In early October, Berkshire Hathaway announced it had agreed to buy Van Tuyl Group, the nation’s largest privately held auto dealership group. Warren Buffet, having dipped his toes into the automotive industry by taking a stake in GM, sees the opportunity to replicate Van Tuyl’s success by consolidating dealership groups throughout the Sunbelt.
At a time when auto industry big wigs are talking about radical changes that need to take place in automotive retailing, Buffet has chosen to support the traditional dealership model. In an interview, Buffet noted, “I fully expect we’ll buy a lot more dealerships over time. This is just the beginning for Berkshire Hathaway Automotive.”
This is good news for large dealers who have their act together, as we may see an uptick in valuations with another major player in the market looking for acquisitions. Keep in mind, though, rarely are buyers looking for turn-around opportunities where they have to invest time and resources to improve performance.

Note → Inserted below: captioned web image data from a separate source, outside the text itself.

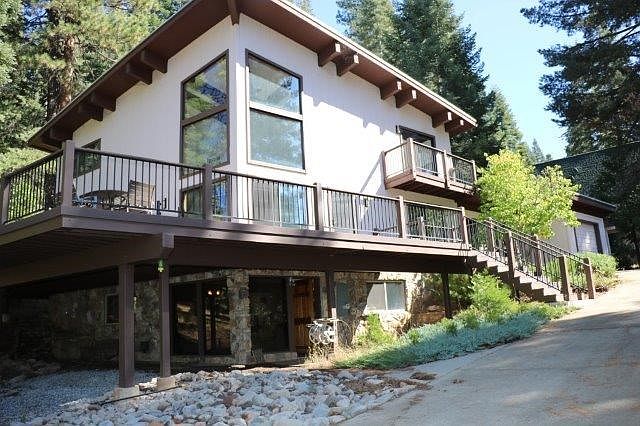 1st image of 806 Lassen View Dr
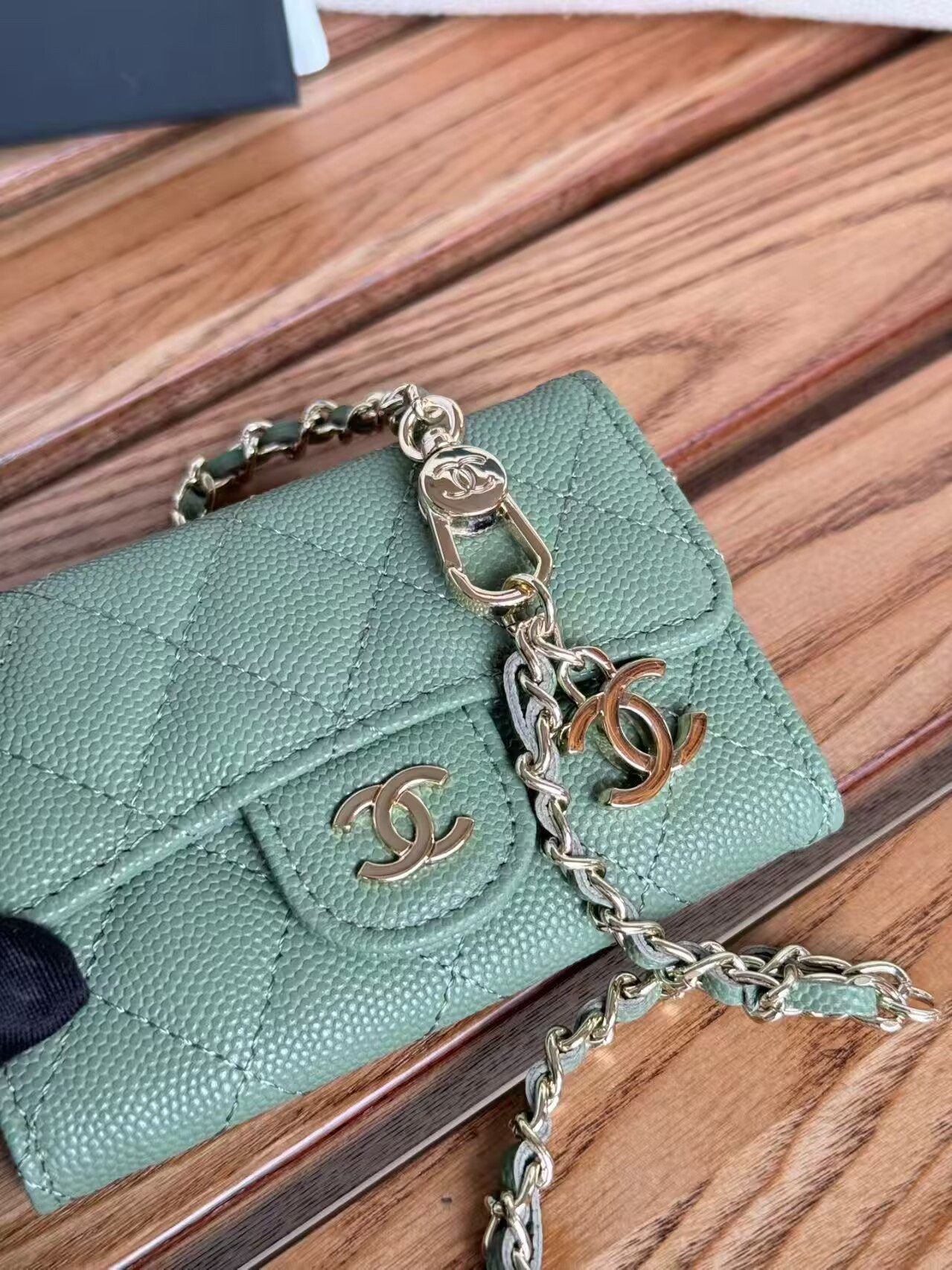Ch**el Wallet on Chain 11x7.5x2cm
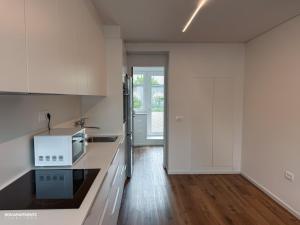 Quiet Apartment with Garden + Parking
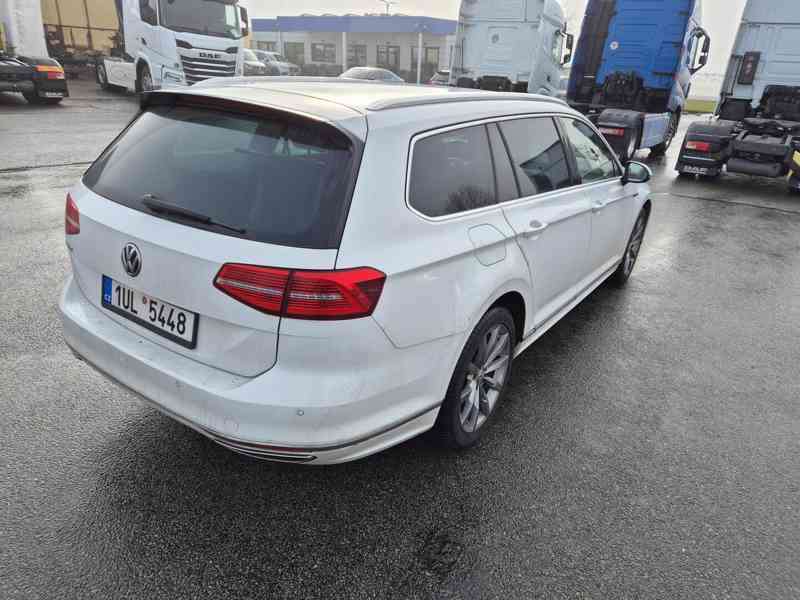 VOLKSWAGEN Passat Variant 2.0 TDI 4x4 - foto 3
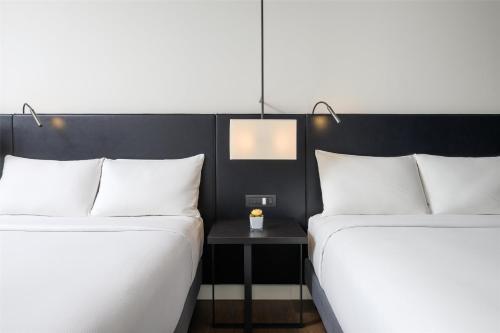 Postel nebo postele na pokoji v ubytování Hilton Lake Como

What Berkshire Hathaway found with their acquisition was undoubtedly a high-performing dealership group with highly capable managers and ownership. While the public companies generally target the larger auto groups for acquisition, there is still an important lesson to learn for stores of all sizes: a well-run company with high-performing managers and employees who deliver peak profitability bring the highest multiple. While this would appear quite obvious, some stores struggle to get the formula right. And if you are a family-owned company with no plans to sell, you may ask why this is important. To illustrate the importance, let’s examine the lesson above and change the sentence a bit:
A well-run company with high-performing managers and employees who focus on value, deliver peak profitability, and can be run without the owner’s direct involvement will bring the highest multiple.
Whether you plan on selling at some point or you have a future family successor, the same point holds true – getting the business operating at peak performance without your daily involvement will ease the transition while improving the value of the business. This last point is one that is often lost on owners when they think of business succession. Instead, they generally think of wills, trusts, buy/sells, and tax issues. While these are critical components, there are also people and performance issues to be addressed that impact the ongoing success of the business.
It’s easier to continue a successful operation under new management or ownership when the business is running on all cylinders. Due to some of the unavoidable distractions a transition brings, companies can expect a noticeable dip in profitability when a business changes hands, whether through a sale or a transfer. The more focused and practiced a business is in operating at peak performance, the more successful they will be during and after transition.
Regardless of whether your long term plans include selling to an outside buyer, a management team, or passing the baton to the next generation, be sure to plan, execute, and operate your business like it’s always for sale. Who knows, you may just get that killer offer you simply can’t refuse.